Найти в Дзене

– Почему всё наследство должно достаться тебе? Это по-твоему справедливо? – резко спросил Арсений

Оглавление

Тяжёлая дверь распахнулась без стука. Арсений влетел в комнату, словно порыв осеннего ветра, принеся с собой холод и тревогу. Его шаги гулко отдавались по старому паркету – тому самому, который отец собственноручно укладывал двадцать лет назад.

Лидия вздрогнула от неожиданности, машинально прижав к груди чашку с остывшим чаем. Мать, Анна Павловна, застыла у окна, будто пытаясь раствориться в тяжёлых бордовых шторах.

– Почему всё наследство должно достаться тебе? Это по-твоему справедливо? – резко спросил Арсений, даже не поздоровавшись.

Его голос, всегда такой похожий на отцовский, сейчас звенел от еле сдерживаемой ярости. Руки, унаследовавшие отцовскую привычку теребить пуговицу на манжете в минуты волнения, двигались резко и нервно.

Лидия медленно поставила чашку. На белоснежной скатерти расплылось маленькое коричневое пятнышко – капля чая, пролитая от неожиданности. "Совсем как тогда, в детстве", – пронеслось в голове.
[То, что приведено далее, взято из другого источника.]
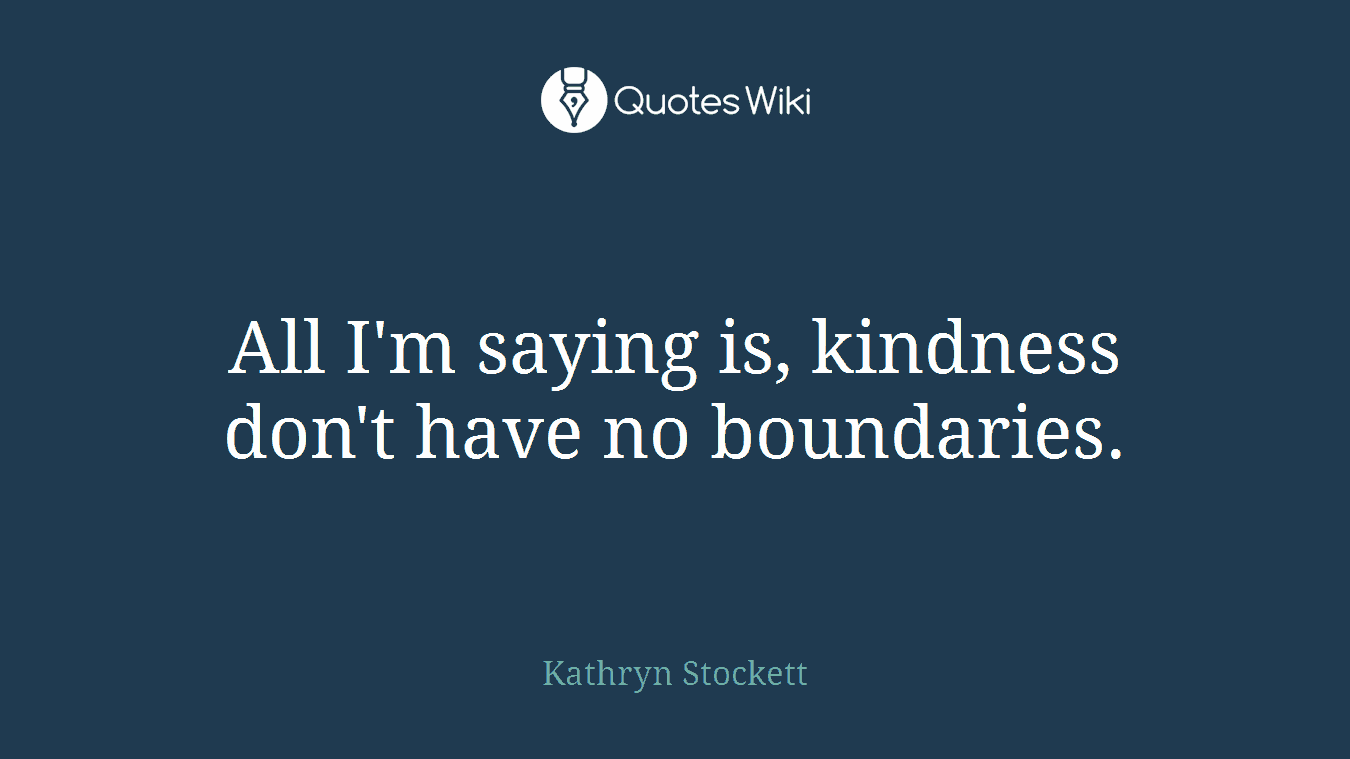 All I'm saying is, kindness don't have no boundaries.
Только тогда это был вишнёвый сок, и отец не ругался, а просто молча принёс влажное полотенце.

– Сядь, – тихо произнесла она, указывая на старое кресло, любимое место отца. – Давай поговорим спокойно.
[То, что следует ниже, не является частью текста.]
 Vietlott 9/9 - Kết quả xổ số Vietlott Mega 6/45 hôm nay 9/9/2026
– Спокойно?! – Арсений резко взмахнул руками. – Как ты можешь говорить о спокойствии, когда забираешь всё себе? Дом, дачу, даже его старую машину! Что я сделал не так? Почему он так решил?

Каждое слово било, словно молот. Лидия чувствовала, как немеют кончики пальцев – верный признак подступающей мигрени. Но внешне она оставалась спокойной, только складка между бровями становилась всё глубже.

– Ты даже не дослушал...

– А что тут слушать? – перебил Арсений. – Всё и так ясно! Ты всегда была его любимицей. Всегда умела добиться своего!
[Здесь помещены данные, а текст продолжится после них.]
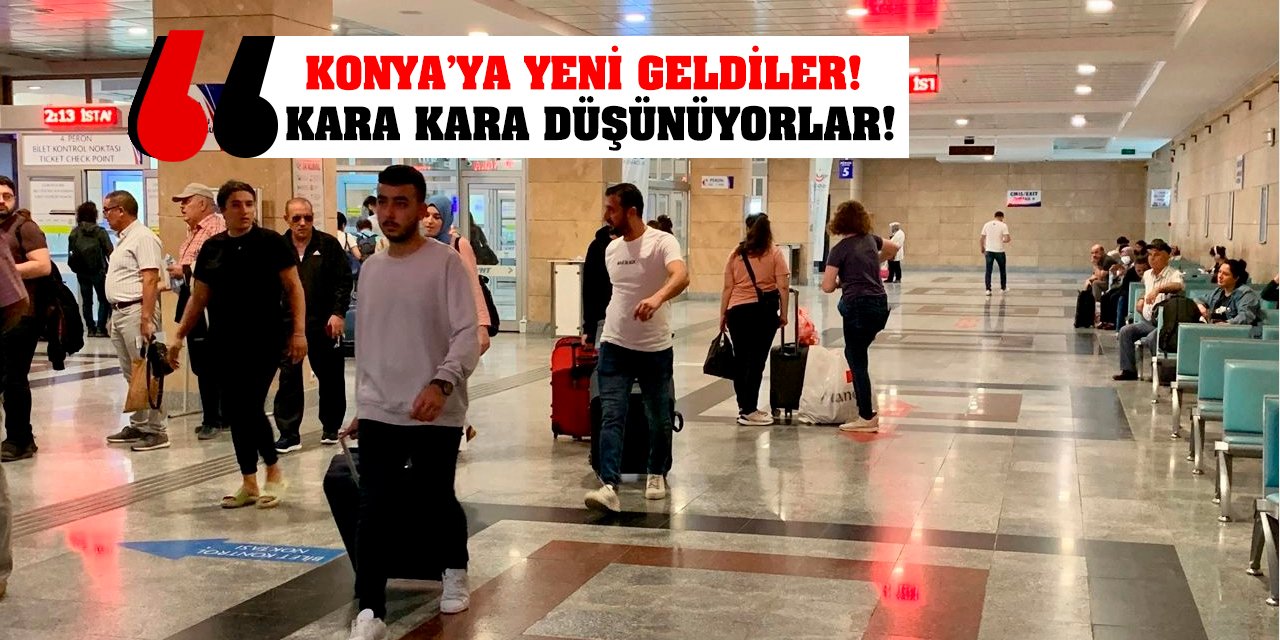 Konya’ya Yeni Geldiler! Kara Kara Düşünüyorlar!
Анна Павловна вздрогнула, как от пощёчины. Её пальцы судорожно комкали край блузки – старой, любимой, подаренной мужем на последний день рождения.

– Сынок... – начала она дрожащим голосом.

– Мама, не надо, – оборвал Арсений. – Я же вижу, как ты избегаешь смотреть мне в глаза. Значит, тоже всё знала. Все знали, кроме меня!

В комнате повисла тяжёлая тишина, нарушаемая только тиканьем старых настенных часов – ещё одного молчаливого свидетеля их семейной драмы. Лидия поднялась, расправляя плечи. В этот момент она как никогда была похожа на отца – тот же упрямый подбородок, тот же решительный взгляд.

– Если ты пришёл только обвинять, может, лучше уйдёшь? Завтра поминальный вечер, и я не хочу...

– О, конечно! – горько усмехнулся Арсений. – Теперь ты можешь мной командовать? Хозяйка положения?

Слово "хозяйка" он выплюнул, как что-то ядовитое. Анна Павловна тихо всхлипнула, но никто не обратил на это внимания. Брат и сестра стояли друг напротив друга, словно два оголённых провода, готовых вот-вот заискрить.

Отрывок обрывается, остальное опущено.